James David Vance a cité l’arrestation d’un homme qui manifestait près d’une clinique d’avortement au Royaume-Uni et la censure d’une campagne anti-islam en Suède comme des limitations de la démocratie. Pour lui : « la menace qui m’inquiète le plus par rapport à l’Europe n’est pas la Russie, ce n’est pas la Chine, ce n’est aucun autre facteur extérieur. Ce qui m’inquiète, c’est la menace qui vient de l’intérieur : le recul de l’Europe par rapport à certaines de ses valeurs les plus fondamentales. « Pour nous, de l’autre côté de l’océan Atlantique, il semble de plus en plus que derrière des mots qui semblent provenir de l’ère soviétique, comme la mésinformation ou la désinformation, se cachent des intérêts anciens et bien ancrés, où les gens n’aimaient pas l’idée que quelqu’un avec un point de vue différent exprime son opinion, ou, Dieu nous en préserve, vote différemment, ou pire encore, gagne une élection. »

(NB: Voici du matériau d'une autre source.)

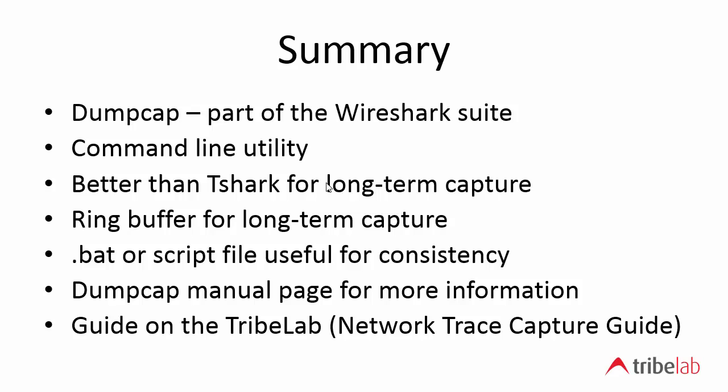And then we have a guide on Tribelab in the section Network Trace Capture Guide. So I hope you found that useful and I'll see you next time. Bye-bye.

De telles déclarations, insérées dans le contexte international actuel, dans lequel le gouvernement de Donald Trump fait partie intégrante d'une alliance néofasciste transnationale - et peut-être le chef de ce mouvement - montrent la nature réactionnaire d'un tel gouvernement : la lutte contre le spectre du communisme et tout mouvement politique qui s'oppose aux principes néofascistes et à la tendance à remplacer la démocratie bourgeoise par la dictature fasciste, le tout évidemment dans le cadre de l'ordre capitaliste.
Hors du champ de bataille, dans le dernier épisode de la guerre en Ukraine, les ministres des Affaires étrangères des États-Unis et de la Russie se sont rencontrés en Arabie saoudite, sans Européens ni Ukrainiens. Ils se sont mis d’accord sur quatre points concernant la fin de la guerre, bien que vagues : rétablir la fonctionnalité des installations diplomatiques qui fonctionnent normalement pour faire avancer les négociations ; les États-Unis formeront une équipe de haut niveau pour œuvrer à une fin du conflit qui soit durable et acceptable pour toutes les parties concernées ; discuter, réfléchir et examiner la coopération géopolitique et économique des pays après la fin du conflit ; Les cinq personnes qui ont participé à la réunion (le secrétaire d’État Marco Rubio, le conseiller à la sécurité nationale Mike Waltz, l’envoyé spécial Steve Witkoff, le ministre russe des Affaires étrangères Sergueï Lavrov et le conseiller présidentiel Iouri Ouchakov) resteront engagés dans l’avancement de ce processus.
Il semble que le triomphe sur le champ de bataille ait donné à Vladimir Poutine une victoire diplomatique venue de là où on ne l'attendait pas, des États-Unis.
* Caio Bugiato est professeur de sciences politiques et de relations internationales à l'UFRRJ et dans le programme de troisième cycle en relations internationales à l'UFABC.
Note
[I] Les cartes ont été préparées par BBC, avec les données de la Institut pour l'étude de la guerre (ISW) en partenariat avec le Critical Threats Project, American Enterprise Institute.